Question to ask yourself: What’s unique and interesting to my organization that I’d like to highlight?
If you really want to get into it - you can even create a mood board like mine that shares the tone and aesthetic you’re going for!
Sometimes it takes a visual to get everyone on the same page.
3. Shoot FOR Platform
When you’re shooting on the go, make sure you are thinking ahead and you have an idea of where these photos are going be used. Is it for your website’s blog? Is it for the Instagram stories or your twitter feed?
Instagram Feed PHOTOGRAPHY
When shooting for your Instagram feed you’ll want to shoot 4:5 (vertical). Do not crop these images into a 1:1 square. While Instagram is famous for those iconic square images, in 2019 the platform now allows you to post vertical 4:5 portrait images.

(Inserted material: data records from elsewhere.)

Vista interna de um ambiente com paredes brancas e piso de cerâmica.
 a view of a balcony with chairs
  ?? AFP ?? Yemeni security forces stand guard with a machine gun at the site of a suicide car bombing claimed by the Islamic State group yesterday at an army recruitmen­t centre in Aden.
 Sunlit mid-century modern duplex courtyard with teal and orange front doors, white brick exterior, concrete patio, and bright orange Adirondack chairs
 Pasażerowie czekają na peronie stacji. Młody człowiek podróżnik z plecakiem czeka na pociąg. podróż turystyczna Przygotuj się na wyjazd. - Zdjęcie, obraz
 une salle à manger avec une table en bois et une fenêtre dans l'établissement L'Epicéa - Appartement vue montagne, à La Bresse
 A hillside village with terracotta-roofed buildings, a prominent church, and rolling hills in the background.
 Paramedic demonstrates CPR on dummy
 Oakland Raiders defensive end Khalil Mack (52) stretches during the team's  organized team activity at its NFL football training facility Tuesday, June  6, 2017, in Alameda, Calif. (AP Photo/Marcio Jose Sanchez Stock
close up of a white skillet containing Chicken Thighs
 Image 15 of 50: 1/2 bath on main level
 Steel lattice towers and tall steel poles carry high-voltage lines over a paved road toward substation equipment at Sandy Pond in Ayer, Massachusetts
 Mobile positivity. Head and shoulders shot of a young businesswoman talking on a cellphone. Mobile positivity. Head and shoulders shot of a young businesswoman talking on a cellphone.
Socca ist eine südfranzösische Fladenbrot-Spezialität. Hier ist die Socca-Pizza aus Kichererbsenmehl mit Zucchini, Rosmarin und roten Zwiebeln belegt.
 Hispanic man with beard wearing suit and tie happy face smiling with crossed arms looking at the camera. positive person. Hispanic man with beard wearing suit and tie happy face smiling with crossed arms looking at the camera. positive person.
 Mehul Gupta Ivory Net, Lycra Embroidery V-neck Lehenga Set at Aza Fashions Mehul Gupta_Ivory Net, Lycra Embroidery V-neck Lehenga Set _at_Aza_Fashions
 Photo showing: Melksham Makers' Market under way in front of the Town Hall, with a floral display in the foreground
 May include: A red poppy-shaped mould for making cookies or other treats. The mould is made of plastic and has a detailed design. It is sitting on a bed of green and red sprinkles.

This is important because it’s best practice to take up as much of the user’s mobile screen as possible in order to command attention.
Instagram Stories photography
Similar to the Instagram feed, images should be shot vertical, but the ratio for an Instagram story is 16:9 (more narrow than your feed posts).
Whether you are taking pictures of people or detail shots like merchandise, it is important to make sure you are taking the image zoomed out enough so when the image is cropped into Instagram story dimensions - you aren’t leaving out any details or it’s not uncomfortably close.
Bonus note: be mindful of leaving negative space so you are able to add any necessary copy (text).
4. find Good Lighting
Good lighting is a cellphone photographer’s best friend. If possible, make sure the room you’re in is well lit. Never shoot against the light.
Tap to focus on your subject and manually set your exposure. When you tap the screen with your camera app open, you can swipe vertically down to darken your image and swipe vertically up to brighten the light levels. This will make a huge difference in the quality of your photo before you even begin to edit your images.
5. Edit Your Photos
Today there are so many FREE mobile apps to edit your images - you don’t need to intimidate yourself with fancy photo editing software. You can find round ups of the best and easy to use mobile apps all over the internet like here, here, or here. Whichever app you choose (my favorites are Adobe Lightroom and VSCO), here are the some basic editing tips to keep in mind.
The key is consistency and intention.
Straighten your photo and use your apps grid lines to make sure the image follows the rule of thirds. By cropping your image so it falls onto an intersection of the lines, you’re able to naturally guide your audiences eye to the area you want to draw attention to.
contrast + Saturation
Contrast and saturation are one of those things where less is more. Subtly increase your contrast and saturation to make your images stand out.
Lift shadows slightly so it’s not distracting your audience from the image's point of focus. Keep it looking natural.
Adjusting the sharpness of your image is easily the best way to make people wonder if it was professionally shot on a DSLR. Again, less is more - keep it looking natural!